Week 13: Collection, Capture, and Consent: Connecting Our Learnings with My Research

Dr. Pressman (Bookishness) and Walter Benjamin (“Unpacking My Library: A Talk about Book Collecting”, trans. Harry Zohn) each describe the fetishism of book ownership, in which symbolic value is attached to the book. I am considering the symbolic value of the book (and the bookish body) in the context of surveillance culture, and in particular relation to my research on sexual violence in fandom convention spaces. I use this post as an opportunity to connect some dots between this week’s bookish readings and my research, as I am presenting it at a conference in a few days.

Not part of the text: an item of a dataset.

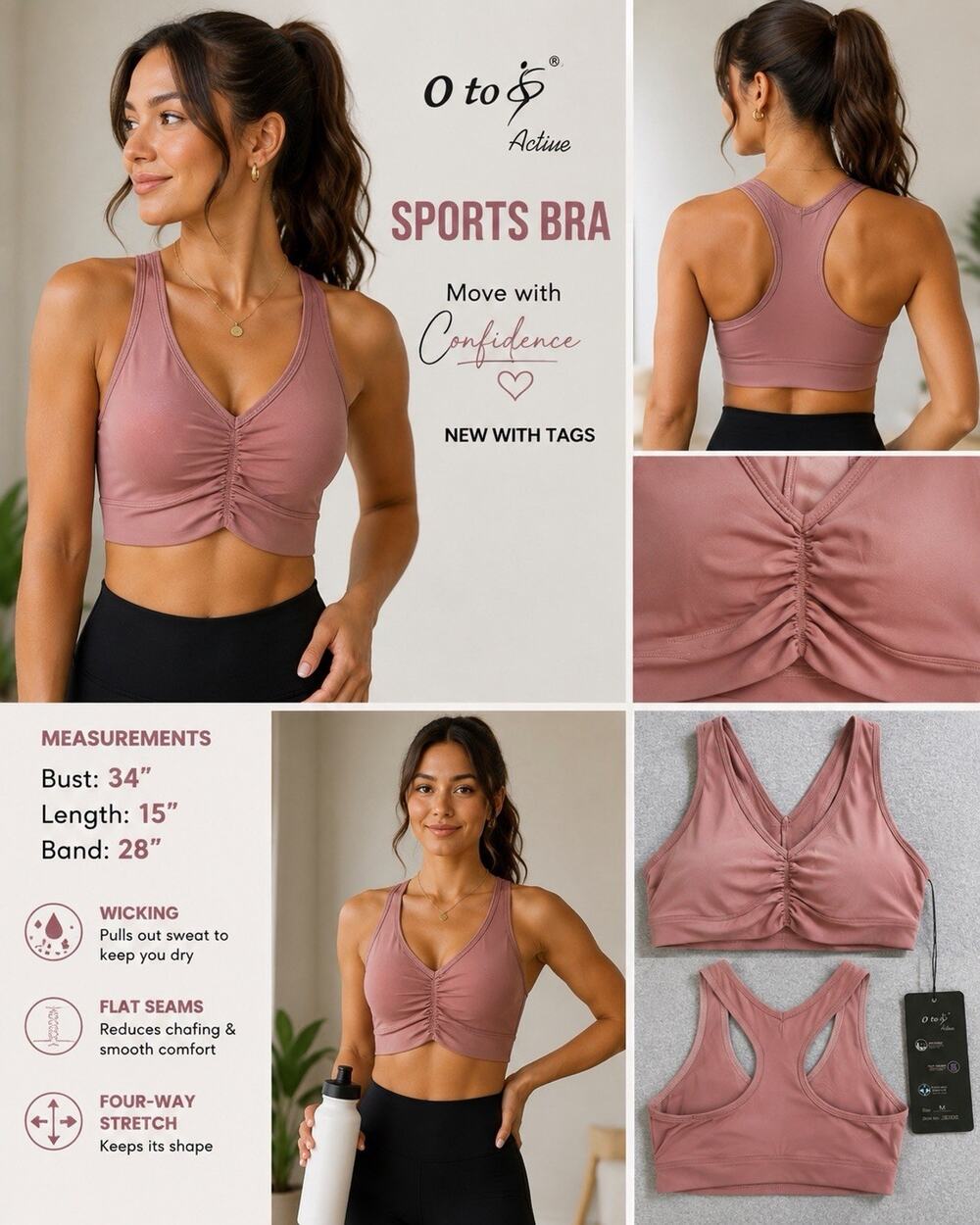 O to S Active Sports Bra Medium NWT Pink Ruched Front Racerback Moisture Wicking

Benjamin writes that, “for a collector, . . . ownership is the most intimate relationship that one can have to objects” (67). “Ownership” as intimacy suggests a close spatial proximity between that which is collected and she who collects, a “nearness” which Dr. Pressman shows is remediated through digital book imagery (Bookishness 10, 35). Following Susan Sontag’s situation of U.S. photography traditions in the colonial pursuit of collecting (On Photography), I consider the practice of (often nonconsensual) convention photography to be a means of “collecting” bodies as datified archival “objects.” By this I mean that the nonconsensual photo documents not only the proximal relationship between the bodies of photographer and photographed subject, but also the photographer’s greater liberty to determine this proximity/nearness through the functions of camera technology. Where the body cannot be literally sexually possessed, the body can be remediated into a collectable visual representation of (forced, coerced, or consensual) compliance with being objectified through the act of being photographed.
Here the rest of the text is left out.